I returned to the subject on 10 November, just three weeks ago, when I asked the Prime Minister at Question Time:

"What factors other than economic ones will determine whether Britain joins the single European currency."

He replied only:

"A decision will be taken on the basis of what is in Britain's best national interests."

I knew that he would say something like that, so I had asked it as a closed question. I was then able to respond and point out that he had not answered the question though he had known for a fortnight that the question was not about economic tests but about whether there were any political tests at all that would influence whether Britain should sign away its economic, and therefore its political, independence.

In reply to my pressing him, the Prime Minister said:

"The national interest of course includes the economic conditions that we have set out, but ... we believe that the national economic interest should be the determining factor in whether Britain joins the single currency ... Our policy is the sensible one – leave the option open and determine it on the British national economic interest." – [Official Report, 10 November 1999; Vol. 337, c. 1120-21.]

The Prime Minister is saying that, if the single currency works as it is intended to, and does not implode – as it may do, and as the exchange rate mechanism did – and creates a politically united Europe, he will want this country to join that structure and lose its independence forever.

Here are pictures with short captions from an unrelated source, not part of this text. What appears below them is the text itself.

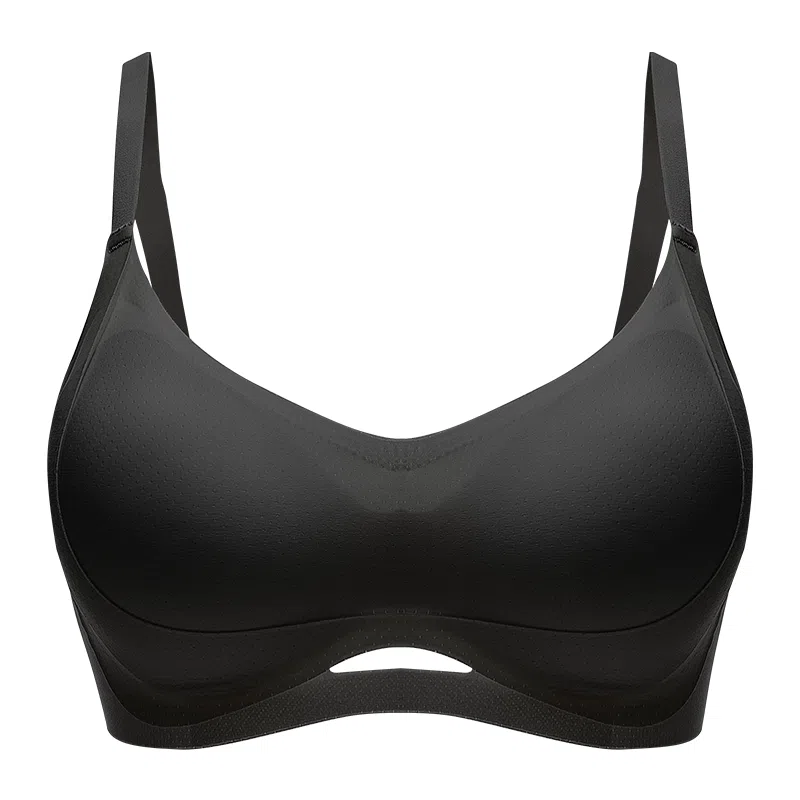 多情猫 纯色聚拢收副乳无钢圈文胸 女款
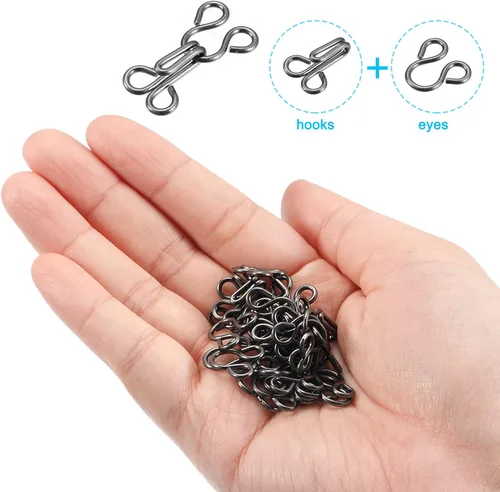 Miniatura 4 de uxcell Juego de ganchos de costura y cierre de ojos para ropa, pantalones, falda, vestido, brasier, costura, manualidades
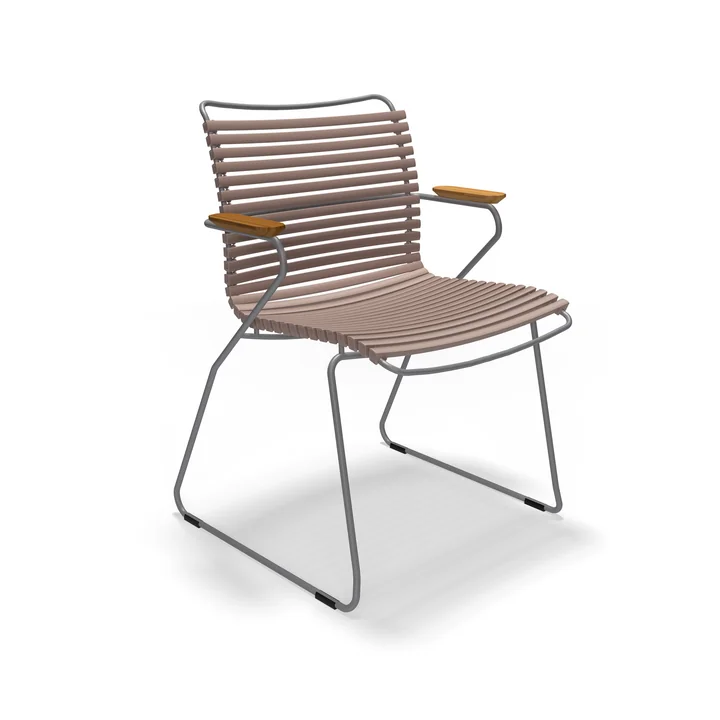HOUE - CLICK Outdoor Dining armchair with low backrest, sand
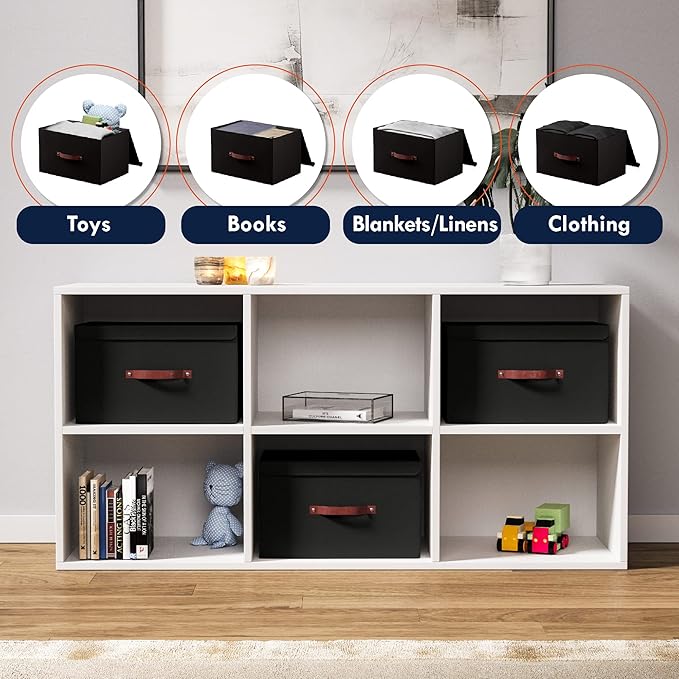 Ornavo Home 3 Pack Collapsible Storage Bins - Image 4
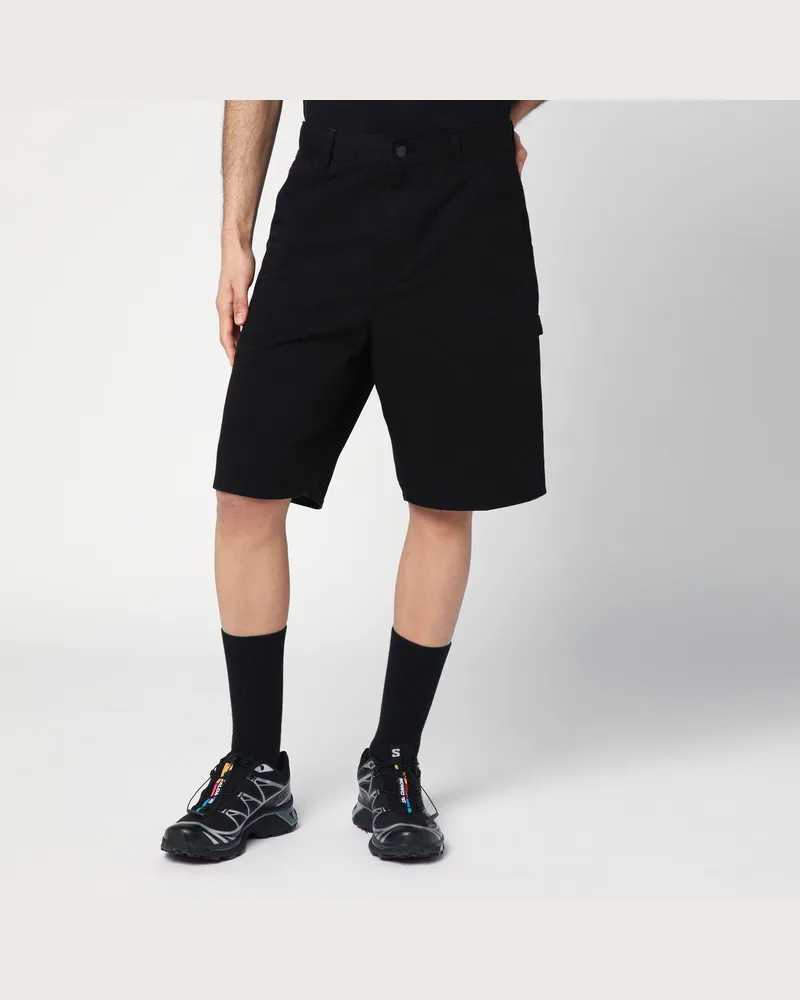 Carhartt WIP Single Knee Shorts schwarz Black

I conclude by reference to the remark of the hon. Member for Ilford, South (Mr Gapes) about whether it is inevitable that Britain will join the single currency even though two-thirds of the British people are manifestly opposed to it. There is only one way that it could happen, and that is if the country could be brainwashed by a tidal wave of propaganda, funded by Government money, to convince the people that there is no alternative.

All the signs are that this wretched Government will try to do that. They will try to rig the referendum by coming up with a complicated formula to ensure that millions more pounds of public money are used to brainwash people into thinking that they have to join the euro than can possibly be used to demonstrate that the euro is, in fact, a disaster waiting to happen.

The Government think that their strategy will work; it will not work. The British people will defeat them on that and force them to change their policy, just as they defeated Labour on its mad unilateralist policies in the 1980s, when the current Prime Minister was arguing for the extremist position – which is not the position of the Conservative Party – that we should come out of Europe altogether.